Archive for 'Thyroid Disease'

Article by Ron Ayalon

french bulldog health The French Bulldog, History of the Breed and Proper CareFrench Bulldogs have myriad of nicknames, including Frenchie, clown and bat ears. Indeed the last one is an apt description of this dog whose ears do resemble those of a bat. Dating back to the 19th century, Frenchies are the result of lace makers in England who sought a compact version of the English Bulldog.

French Bulldogs are a great family dog, and very intelligent as well. Similar in temperament to her cousin the English Bulldog, French Bulldogs live for your companionship. One might go so far as to suggest that they are needy. Needy as they may be, they exude sweetness and are as content with adult humans as they are with your children. It’s important that in recognizing their potential for neediness, that you not disregard your role as the leader of the pack. Indeed this is true regardless of breed, but especially so of this breed. All dogs of course require us to be their pack leaders and many problems result as a result of not training your dog. However, French Bulldogs in particular, because of their need to be around you 24 hours a day, seven days a week.

French Bulldogs have a few issues you should watch for. Among them are the following:

Von Willebrand’s Disease (VWD) – Similar to hemophilia in humans. It’s a blood disorder that can prevent this breed from producing the necessary clotting agent that prevents them from bleeding to death. As a result, they’re prone to anemia.

Thyroid Disease – These two conditions appear to go hand-in-hand. As a result, if one exists, it’s common to test for the other.

Cherry Eye – Although more common in English Bulldogs, Frenchies are known to suffer from this condition characterized by a protruding lower eyelid. It’s not serious and the Vet can easily correct it in his or her office.

Eye Issues – French Bulldogs are well known for developing glaucoma, retinal fold dysplasia, corneal ulcers and juvenile cataracts. It’s imperative that you clean the small folds under the eyes of your Frenchie; this will greatly minimize eye infections.

Brachycephalic Syndrome – The result of selective breeding to achieve a short muzzle and nose, your French Bulldog may suffer from chronic snoring, breathing problems and flattened soft tissue in her breathing passages. Although not common, your French Bulldog may as a result, suffer from a narrow windpipe, collapsed larynx, which can exacerbate her difficulty breathing. If your dog does suffer from Brachycephalic Syndrome, you’ll most definitely want to confirm whether she also presents with the narrowed windpipe and collapsed larynx. Your Vet will know how best to treat both.

Overheating – Also the result of selective breeding for this shortened snout, French Bulldogs have a tendency to overheat. Favoring tile or wood over carpet is highly recommended for her, given that she can’t regulate her body temperature easily. It’s advised that if you live in a warm climate or have long, hot and humid summers, that you have an air conditioner.
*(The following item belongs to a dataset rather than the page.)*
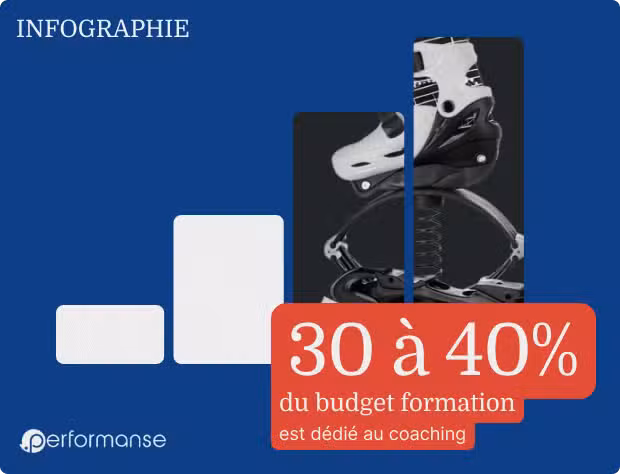 Coaching en entreprise, entre performance collective et épanouissement individuel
In the quest to create a dwarfed version of the English Bulldog, French Bulldogs can suffer from back and spinal diseases. If yours suffers from any of them, it’s highly recommended you consult with your Vet to minimize discomfort as she ages.

One way to naturally treat all these ailments is to exercise your French Bulldog daily. Her legs are short and she can’t walk nearly as quickly as you, but she is the “Little Engine that Could.” Healthy walks will keep her weight down, which is good for her organs and her joints.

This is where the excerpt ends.